Pings disappear from some peers to others after one week #1577

Closed
opened 2025-11-20 05:33:08 -05:00 by saavagebueno · 25 comments
Owner

Originally created by @netandreus on GitHub (Jan 28, 2025).

Originally assigned to: @pappz on GitHub.

Describe the problem

I have 2 peers:

  • "node-3" with netbird address 100.81.65.41
  • "node-2" with netbird address 100.81.94.114
    supporting HA-routes to multiple vlans.

Also I have:

  • "uk-node-1" with netboird address 100.81.73.30 and
  • ELK VM with HeartBeat and NetBird client installed with address 100.81.167.156.

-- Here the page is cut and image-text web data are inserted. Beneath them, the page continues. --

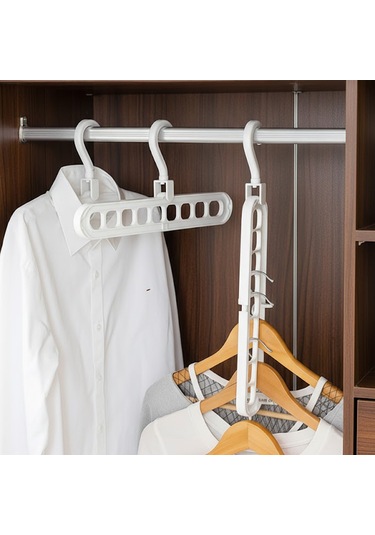 Porsima Org-250 6 Adet Çok Fonksiyonlu Dolap Içi Düzenleyici Organizer Sihirli Askı Tişört Gömlek Elbise Askısı Beyaz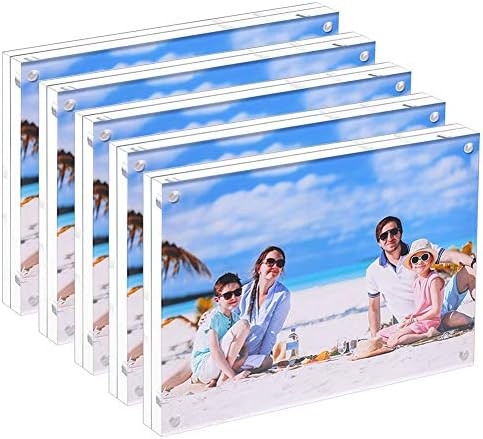 Amazon.com - 5 Pack Acrylic Picture Frame 5x7 Clear Double Sided Magnetic Picture Frameless Deskt... | Amazon (US)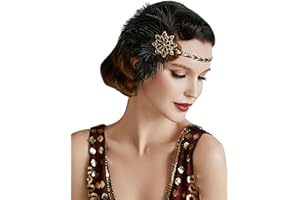 BABEYOND 1920S Vintage Bandeau Rugissant des Années 20s Flapper Casque avec Plume des Années 1920 Great Gatsby Costume Accessoires
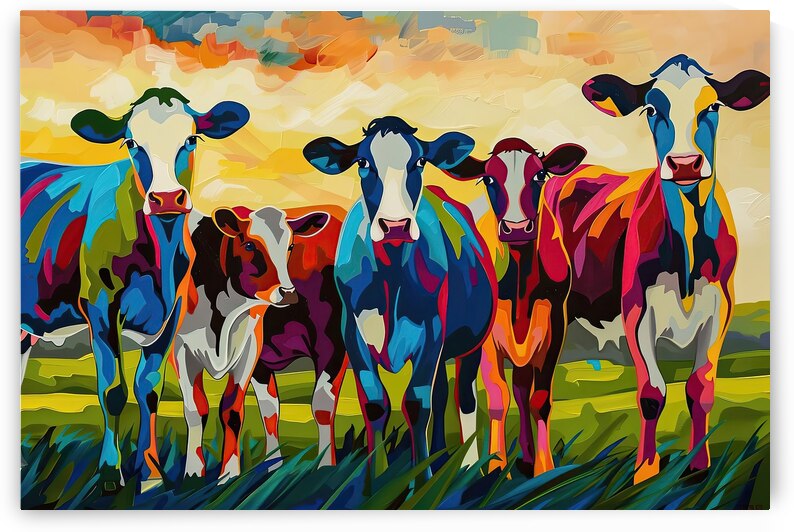 Colorful Cow Quintet H3N9P2 51 by Abstract Rebellion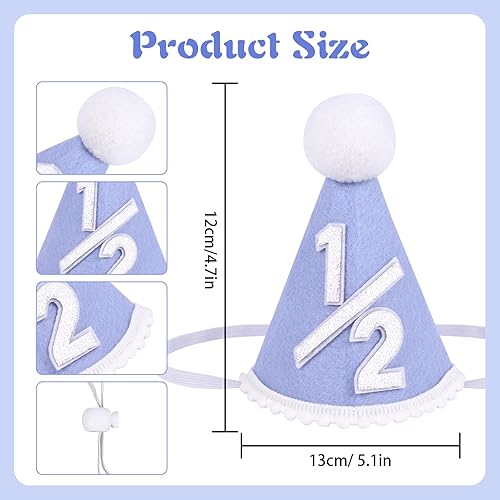 Yoolhamy Chapeau d'anniversaire 1/2 pour bébé garçon et fille, fait à la main, idéal pour les fêtes de 6 mois, les cake smash, et les accessoires photo à mi-chemin - Nail Gallerys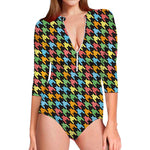Colorful Houndstooth Print Long Sleeve Swimsuit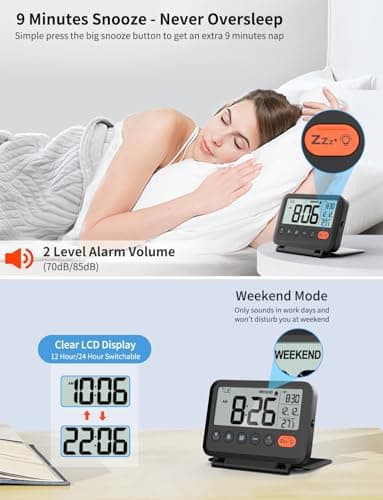 Digital Travel Alarm Clock, 2-Level Backlight, 2 Volumes, Snooze & Weekend — view 3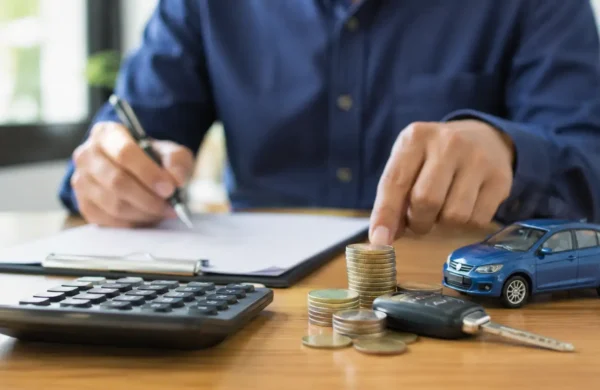 Como calcular o custo real do seu carro em 2026 com calculadora, moedas e chave de veículo sobre a mesa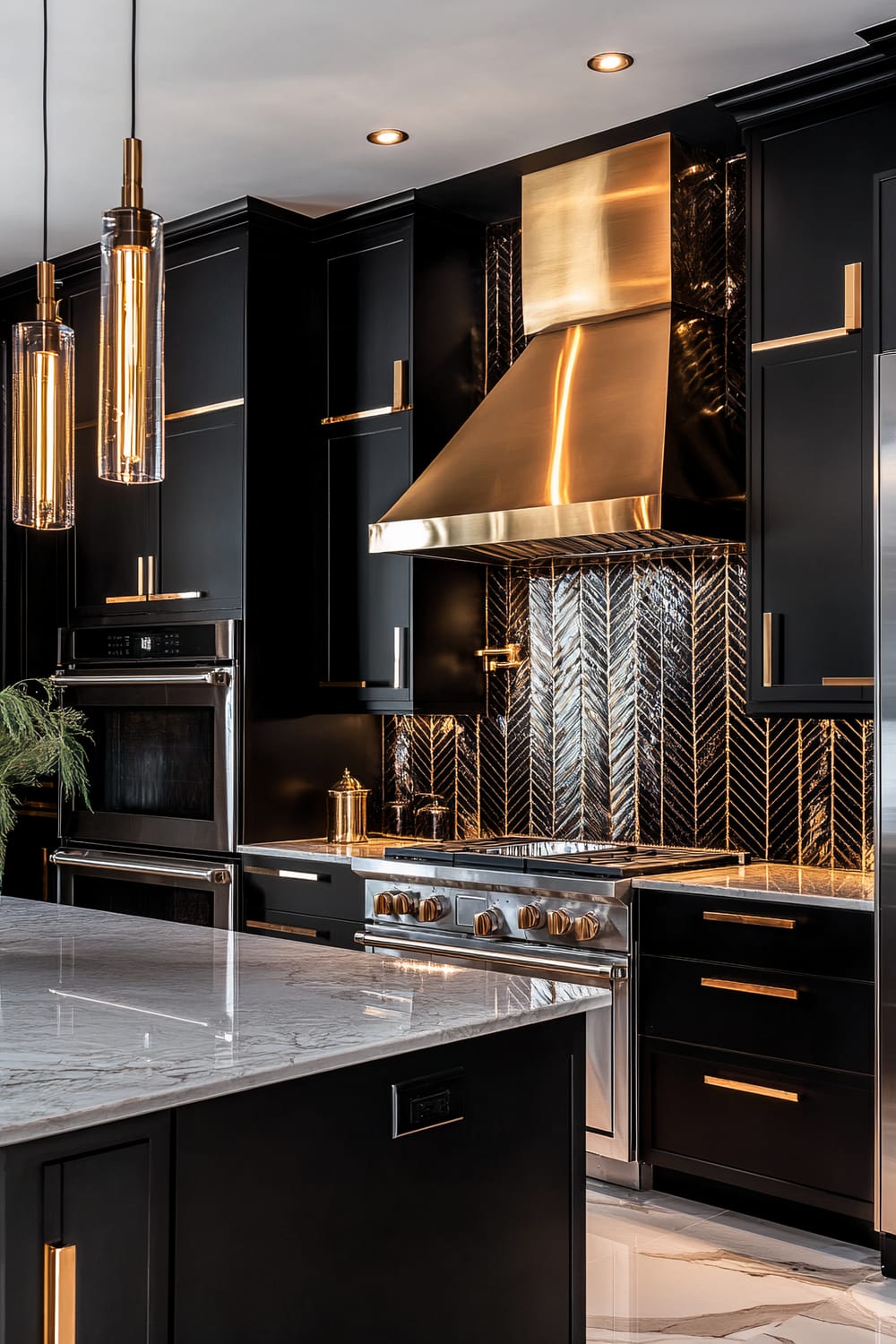 A modern luxury kitchen featuring sleek black cabinets with gold hardware, a gold-accented range hood, and a herringbone-patterned black tile backsplash. The kitchen island has a white marble countertop with gray veining. Three cylindrical pendant lights hang from the ceiling, emitting a warm glow that complements the overall gold accents. An integrated oven and stove with gold knobs and handles add an opulent touch to the space.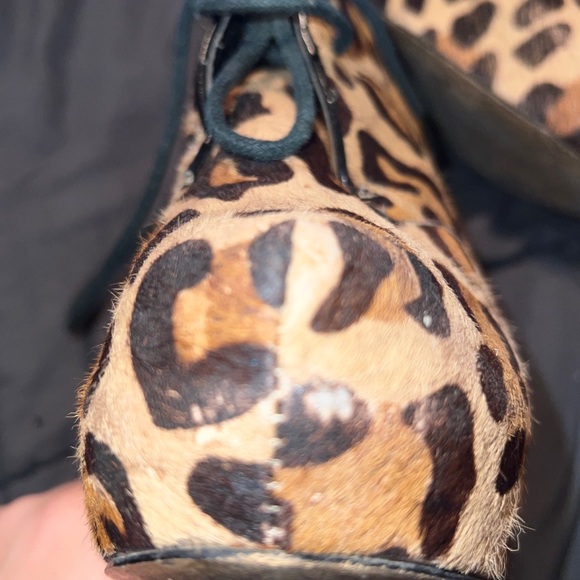 Steve Madden Annie Hidden Wedge Ankle Boot Leopard Tan  Black Women's sz 6.5 - Picture 5 of 10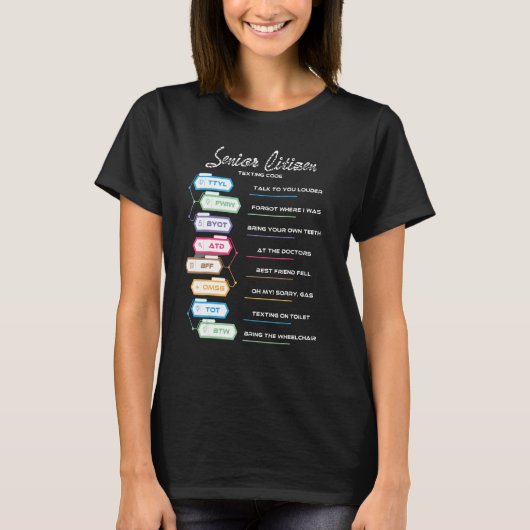 高齢者メールや文字を打つコード高齢者1 Tシャツ (正面)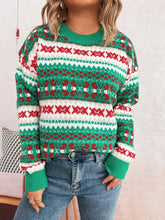 Round Neck Dropped Shoulder Sweater Green One Size OutfitFlow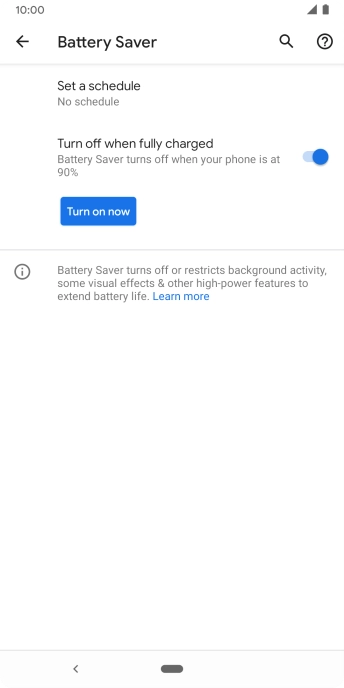 Press Turn on now to turn on the function.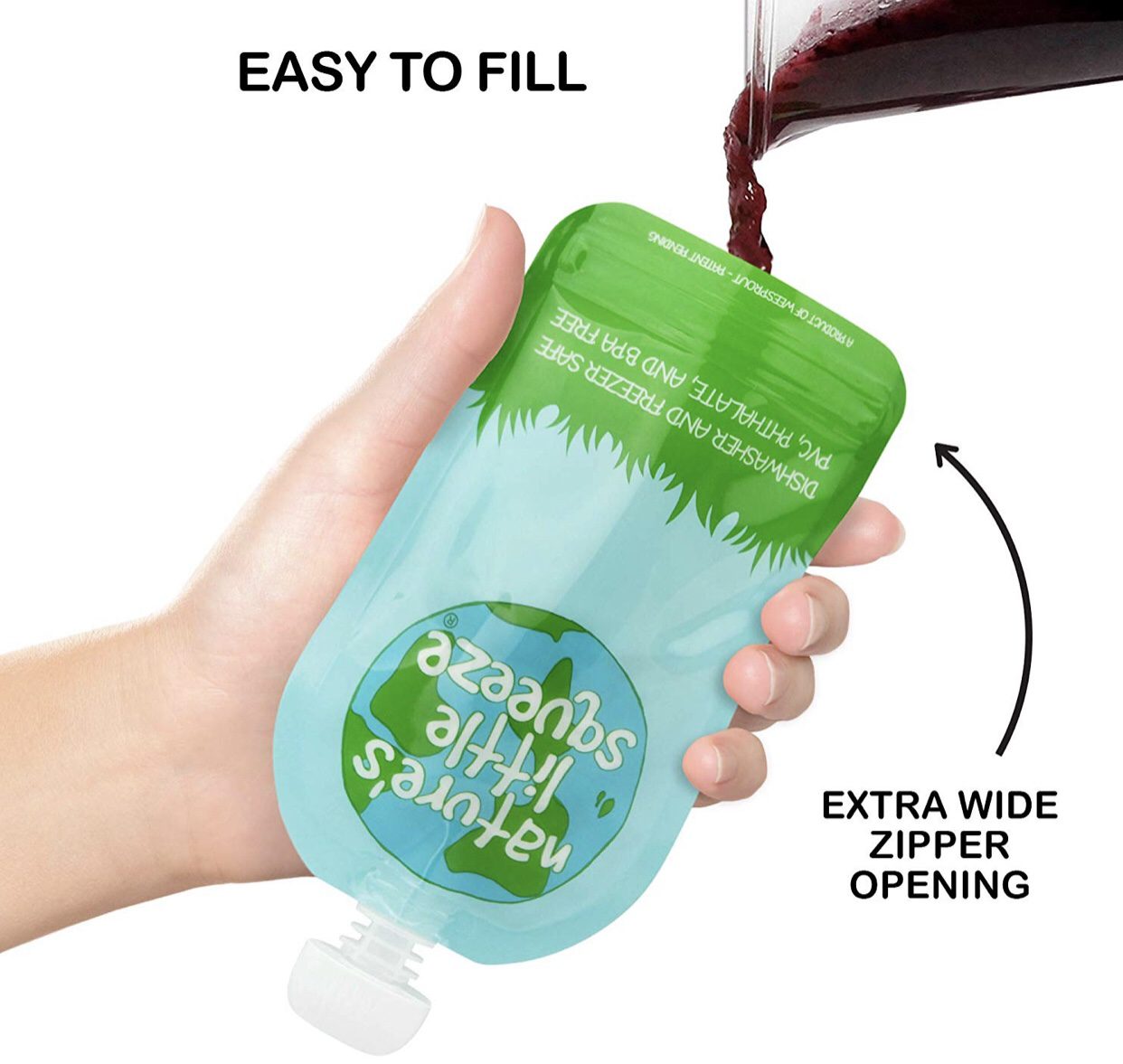 Reusable baby kid food pouches applesauce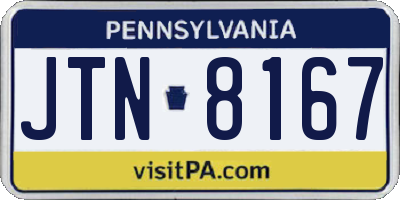 PA license plate JTN8167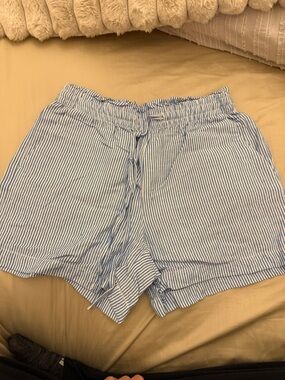 LOFT Light Blue and White Seersucker High-Waist Drawstring Shorts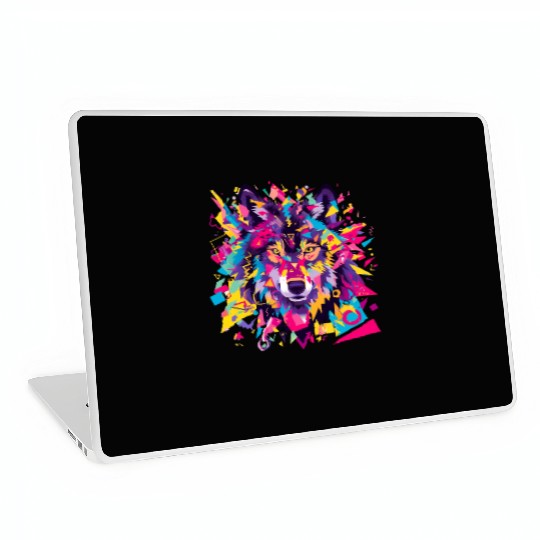 Majestic Pop Art Alpha Wolf - Vibrant Cool Laptop Skins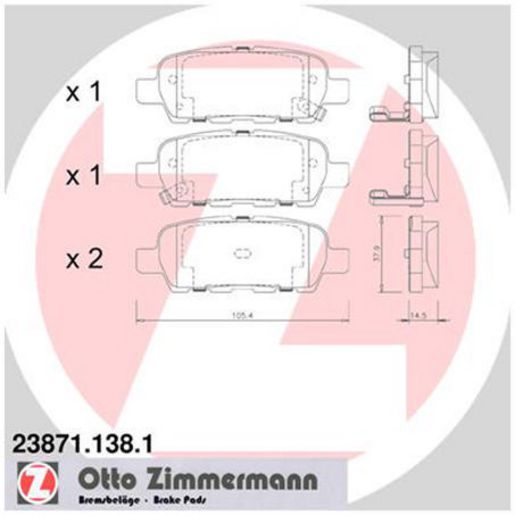 Zimmermann Brake Pad Rear Set 23871.138.1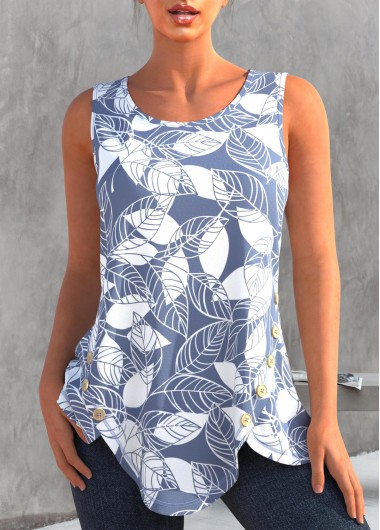 Leaf Print Color Block Round Neck Tank Top
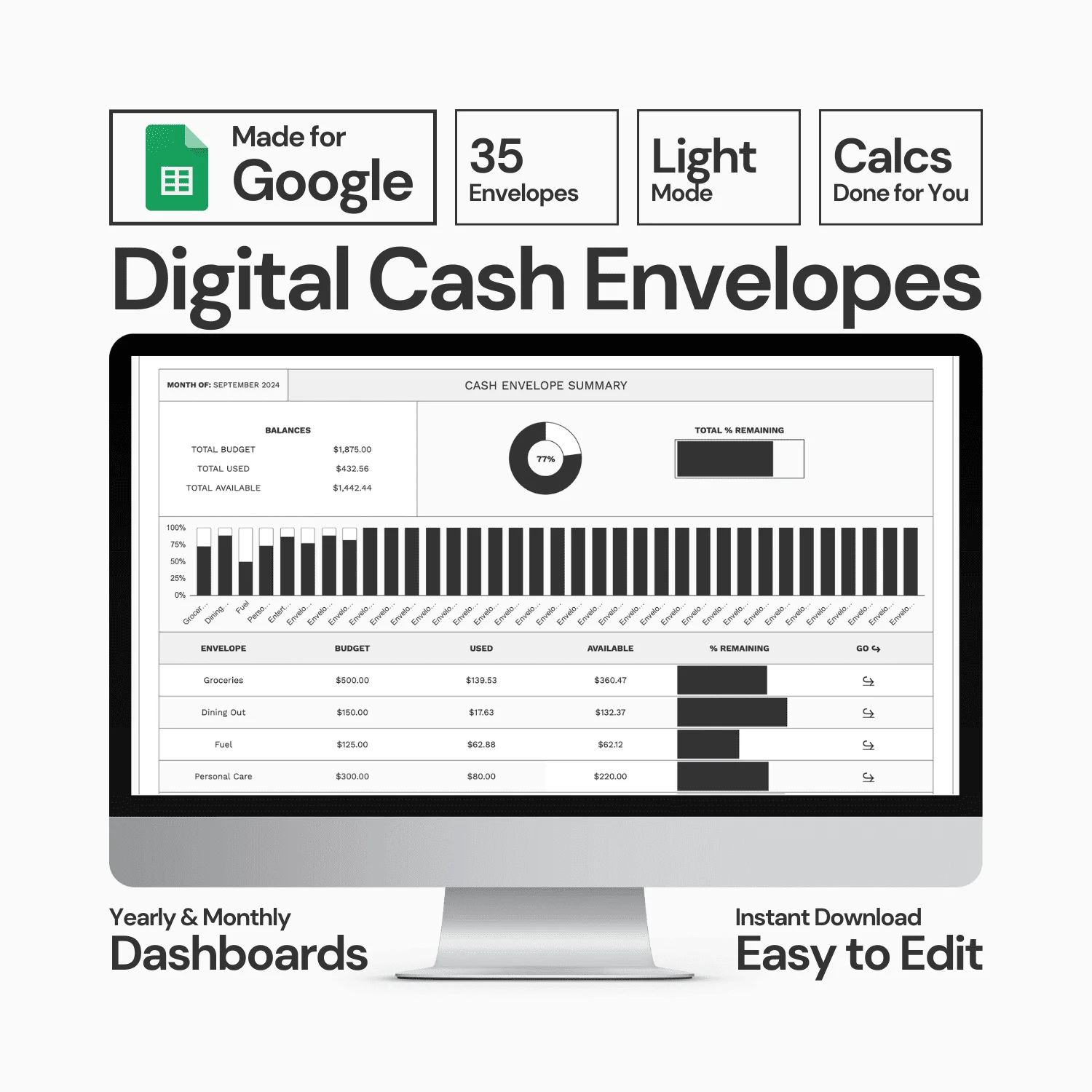 Digital Cash Envelope Budget Spreadsheet System product image (1)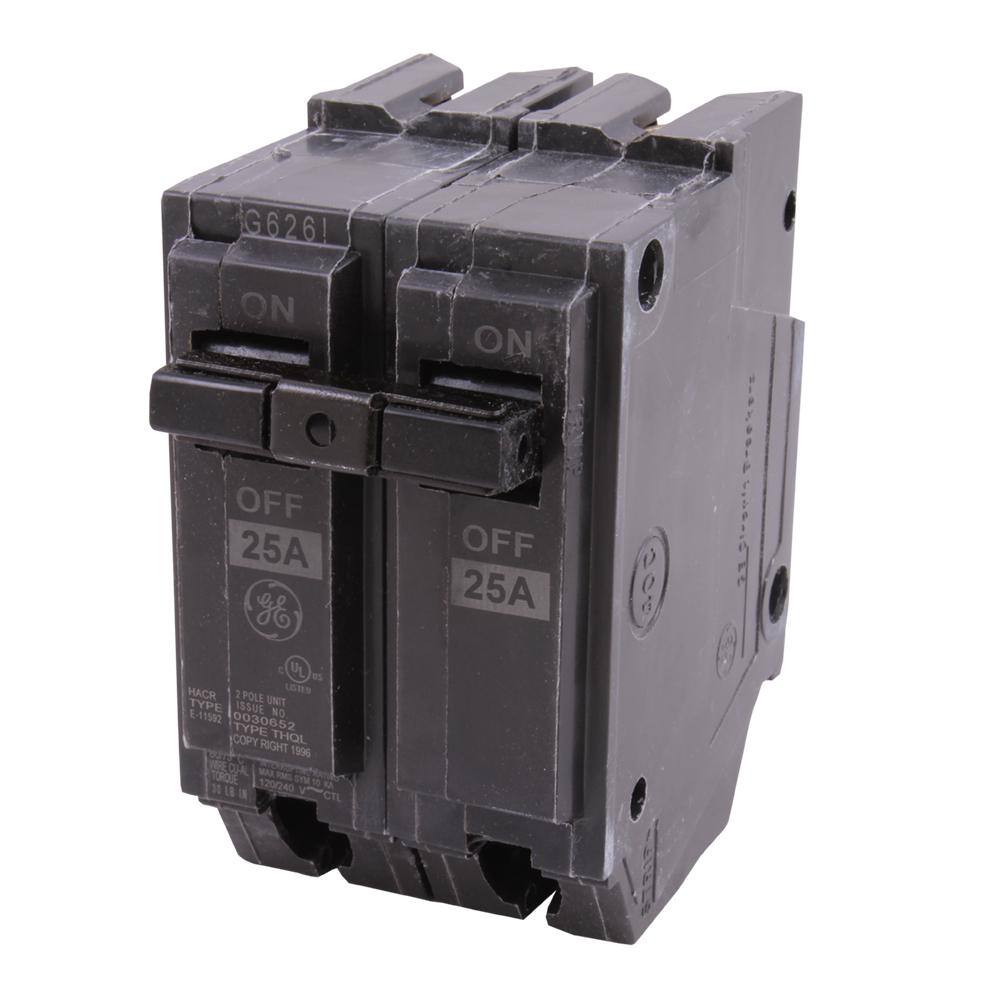 GE 25-Space Amp 2 in. Double-Pole Circuit Breaker THQL2125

My problem is that after a week these nodes (node-2 and node-3) losing connection to ELK node, and ELK node losing connection to node-2 and node-3, I can't ping them by netbird IP addresses. But in the same time I can ping other peers from ELK peer and ping other than ELK peers from node-2 and node-3.

To Reproduce

Steps to reproduce the behavior:

  1. Run two peers in HA mode.
  2. Run third peer on other location
  3. Wait for at least one week
  4. Peers connection lost

Expected behavior

Stable connection between peers.

Are you using NetBird Cloud?

No, I use self-hosted netbird.

NetBird version

0.36.3

NetBird status -dA output:

When I go by ssh to node-3 I see this:

 elk-huk-internal.netbird.selfhosted:
  NetBird IP: 100.81.167.156
  Public key: P0Xd+rb5EjqfaFXIL/KuQ0yGKHT4qTa99Mz4ABrshRA=
  Status: Connected
  -- detail --
  Connection type: Relayed
  ICE candidate (Local/Remote): -/-
  ICE candidate endpoints (Local/Remote): -/-
  Relay server address: rels://gateway.xxx.com:443
  Last connection update: 1 day, 7 hours ago <<<<<<<<<<<<<<<<<
  Last WireGuard handshake: 1 day, 7 hours ago <<<<<<<<<<<<<<<<<
  Transfer status (received/sent) 110.7 MiB/838.7 MiB
  Quantum resistance: false
  Routes: -
  Networks: -
  Latency: 129.747422ms

And same from node-2:

 elk-huk-internal.netbird.selfhosted:
  NetBird IP: 100.81.167.156
  Public key: P0Xd+rb5EjqfaFXIL/KuQ0yGKHT4qTa99Mz4ABrshRA=
  Status: Connected
  -- detail --
  Connection type: Relayed
  ICE candidate (Local/Remote): -/-
  ICE candidate endpoints (Local/Remote): -/-
  Relay server address: rels://gateway.xxx.com:443
  Last connection update: 1 day, 7 hours ago <<<<<<<<<<<<<<<<<
  Last WireGuard handshake: 1 day, 7 hours ago <<<<<<<<<<<<<<<<<
  Transfer status (received/sent) 579.3 KiB/6.3 MiB
  Quantum resistance: false
  Routes: -
  Networks: -
  Latency: 130.665153ms

Workaround

After I run:

netbird down
netbird up

WireGuard connection re-established.

Related issues

Can you please fix this?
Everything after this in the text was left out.